#### [Given information]
* * * * * * *

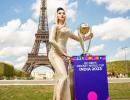 What's Urvashi Rautela doing with World Cup Trophy?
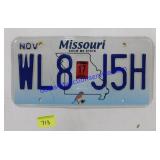 Missouri License Plate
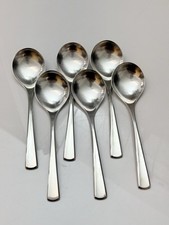 WMF Cromargan 6x Tassenlöffel,Modell Brasilia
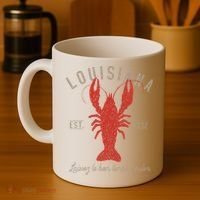Louisiana Crawfish Laissez Le Bon Temps Rouler Coffee Mug thumb 4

* * * * * * *

#### [Problem statement]
Only the lines from the one with "Missouri License Plate" to the last line of the listing, inclusive, are to be set down, exactly as they stand and without pictures.

#### [Solution to the exercise]
 Missouri License Plate
 WMF Cromargan 6x Tassenlöffel,Modell Brasilia
Louisiana Crawfish Laissez Le Bon Temps Rouler Coffee Mug thumb 4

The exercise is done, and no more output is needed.